• Excerpted data:
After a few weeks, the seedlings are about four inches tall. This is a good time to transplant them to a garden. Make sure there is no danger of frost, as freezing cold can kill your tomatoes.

* * *

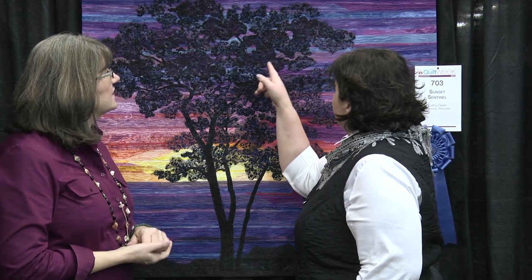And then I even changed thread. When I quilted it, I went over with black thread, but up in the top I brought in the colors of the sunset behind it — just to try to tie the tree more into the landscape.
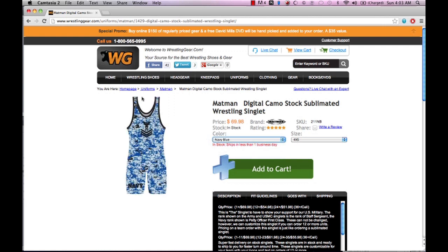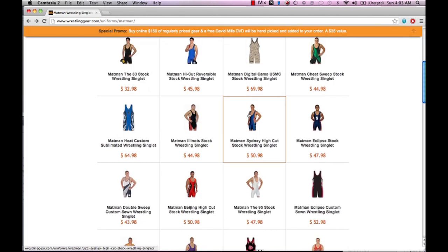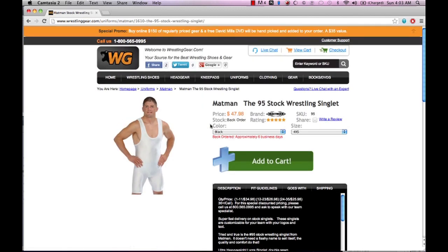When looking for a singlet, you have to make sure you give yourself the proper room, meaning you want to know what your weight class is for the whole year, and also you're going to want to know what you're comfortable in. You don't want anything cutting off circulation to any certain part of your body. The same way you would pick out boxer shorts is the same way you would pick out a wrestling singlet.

...

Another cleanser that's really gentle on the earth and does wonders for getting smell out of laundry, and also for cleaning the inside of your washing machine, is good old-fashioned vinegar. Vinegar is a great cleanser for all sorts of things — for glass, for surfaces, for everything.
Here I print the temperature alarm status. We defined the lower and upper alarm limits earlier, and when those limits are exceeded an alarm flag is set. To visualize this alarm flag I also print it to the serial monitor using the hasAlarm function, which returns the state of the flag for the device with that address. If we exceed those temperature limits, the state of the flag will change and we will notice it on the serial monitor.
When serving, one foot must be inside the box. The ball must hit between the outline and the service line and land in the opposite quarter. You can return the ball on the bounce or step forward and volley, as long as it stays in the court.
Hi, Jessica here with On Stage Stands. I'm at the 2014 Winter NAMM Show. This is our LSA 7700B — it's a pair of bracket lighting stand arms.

• Try it:
Look for the string "inside" in the entries above. Copy every line that has it.

• Written answer:
Another cleanser that's really gentle on the earth and does wonders for getting smell out of laundry, and also for cleaning the inside of your washing machine, is good old-fashioned vinegar. Vinegar is a great cleanser for all sorts of things — for glass, for surfaces, for everything.
When serving, one foot must be inside the box. The ball must hit between the outline and the service line and land in the opposite quarter. You can return the ball on the bounce or step forward and volley, as long as it stays in the court.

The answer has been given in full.